» **PROBLEM**: Write out, word for word, the part of the listing below that opens with the line containing "Halter Topit Ruskeat" and closes with the line containing "Camión semi ganado", keeping both of those lines and adding no others.

» **MATERIAL SHOWN**:
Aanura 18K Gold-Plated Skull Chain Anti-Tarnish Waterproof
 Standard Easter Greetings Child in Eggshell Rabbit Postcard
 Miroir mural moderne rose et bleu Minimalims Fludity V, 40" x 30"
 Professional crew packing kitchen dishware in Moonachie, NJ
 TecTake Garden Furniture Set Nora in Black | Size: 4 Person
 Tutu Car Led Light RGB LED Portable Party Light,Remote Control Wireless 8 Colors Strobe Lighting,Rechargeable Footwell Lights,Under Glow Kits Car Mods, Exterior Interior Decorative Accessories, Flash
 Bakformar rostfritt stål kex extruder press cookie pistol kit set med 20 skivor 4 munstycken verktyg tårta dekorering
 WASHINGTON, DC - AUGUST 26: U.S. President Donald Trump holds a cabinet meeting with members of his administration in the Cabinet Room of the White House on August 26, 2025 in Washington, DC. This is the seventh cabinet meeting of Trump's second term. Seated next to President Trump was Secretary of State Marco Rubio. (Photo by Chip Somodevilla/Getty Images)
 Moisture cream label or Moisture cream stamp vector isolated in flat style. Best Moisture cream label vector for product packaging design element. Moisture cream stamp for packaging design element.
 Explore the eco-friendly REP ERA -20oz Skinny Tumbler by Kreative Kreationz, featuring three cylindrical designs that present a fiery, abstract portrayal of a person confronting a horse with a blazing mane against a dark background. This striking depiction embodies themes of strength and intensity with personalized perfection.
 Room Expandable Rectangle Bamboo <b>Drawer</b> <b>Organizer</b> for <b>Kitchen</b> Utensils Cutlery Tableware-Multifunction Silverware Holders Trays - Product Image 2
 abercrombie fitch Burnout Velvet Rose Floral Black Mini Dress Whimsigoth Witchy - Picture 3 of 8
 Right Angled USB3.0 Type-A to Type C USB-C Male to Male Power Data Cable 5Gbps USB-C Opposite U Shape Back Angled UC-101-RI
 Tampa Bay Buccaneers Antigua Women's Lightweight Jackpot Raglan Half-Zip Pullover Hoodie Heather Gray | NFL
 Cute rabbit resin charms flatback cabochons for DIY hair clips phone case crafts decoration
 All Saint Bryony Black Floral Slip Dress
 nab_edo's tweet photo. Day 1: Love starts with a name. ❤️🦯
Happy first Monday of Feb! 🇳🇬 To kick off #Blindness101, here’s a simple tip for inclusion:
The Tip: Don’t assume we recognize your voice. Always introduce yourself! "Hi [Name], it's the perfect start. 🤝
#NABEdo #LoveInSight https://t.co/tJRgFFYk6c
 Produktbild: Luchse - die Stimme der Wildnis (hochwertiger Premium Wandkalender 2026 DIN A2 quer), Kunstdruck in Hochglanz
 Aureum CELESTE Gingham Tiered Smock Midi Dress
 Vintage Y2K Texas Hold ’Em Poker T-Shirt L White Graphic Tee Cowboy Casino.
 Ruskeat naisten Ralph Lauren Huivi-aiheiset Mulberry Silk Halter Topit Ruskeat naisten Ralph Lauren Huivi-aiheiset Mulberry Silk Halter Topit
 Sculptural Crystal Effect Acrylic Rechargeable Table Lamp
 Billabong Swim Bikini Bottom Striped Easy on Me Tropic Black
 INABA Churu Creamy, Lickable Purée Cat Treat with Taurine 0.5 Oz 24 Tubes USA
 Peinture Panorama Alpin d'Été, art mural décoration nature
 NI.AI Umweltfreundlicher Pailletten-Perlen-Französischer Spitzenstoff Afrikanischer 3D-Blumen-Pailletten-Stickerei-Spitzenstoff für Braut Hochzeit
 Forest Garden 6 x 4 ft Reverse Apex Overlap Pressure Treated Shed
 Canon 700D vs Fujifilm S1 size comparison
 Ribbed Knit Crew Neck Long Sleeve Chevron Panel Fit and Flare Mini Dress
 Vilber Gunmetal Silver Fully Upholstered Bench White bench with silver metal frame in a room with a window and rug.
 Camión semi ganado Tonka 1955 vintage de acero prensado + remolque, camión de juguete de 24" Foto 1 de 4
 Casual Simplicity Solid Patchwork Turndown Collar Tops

» **SOLUTION TO THIS PROBLEM**:
 Ruskeat naisten Ralph Lauren Huivi-aiheiset Mulberry Silk Halter Topit Ruskeat naisten Ralph Lauren Huivi-aiheiset Mulberry Silk Halter Topit
 Sculptural Crystal Effect Acrylic Rechargeable Table Lamp
 Billabong Swim Bikini Bottom Striped Easy on Me Tropic Black
 INABA Churu Creamy, Lickable Purée Cat Treat with Taurine 0.5 Oz 24 Tubes USA
 Peinture Panorama Alpin d'Été, art mural décoration nature
 NI.AI Umweltfreundlicher Pailletten-Perlen-Französischer Spitzenstoff Afrikanischer 3D-Blumen-Pailletten-Stickerei-Spitzenstoff für Braut Hochzeit
 Forest Garden 6 x 4 ft Reverse Apex Overlap Pressure Treated Shed
 Canon 700D vs Fujifilm S1 size comparison
 Ribbed Knit Crew Neck Long Sleeve Chevron Panel Fit and Flare Mini Dress
 Vilber Gunmetal Silver Fully Upholstered Bench White bench with silver metal frame in a room with a window and rug.
 Camión semi ganado Tonka 1955 vintage de acero prensado + remolque, camión de juguete de 24" Foto 1 de 4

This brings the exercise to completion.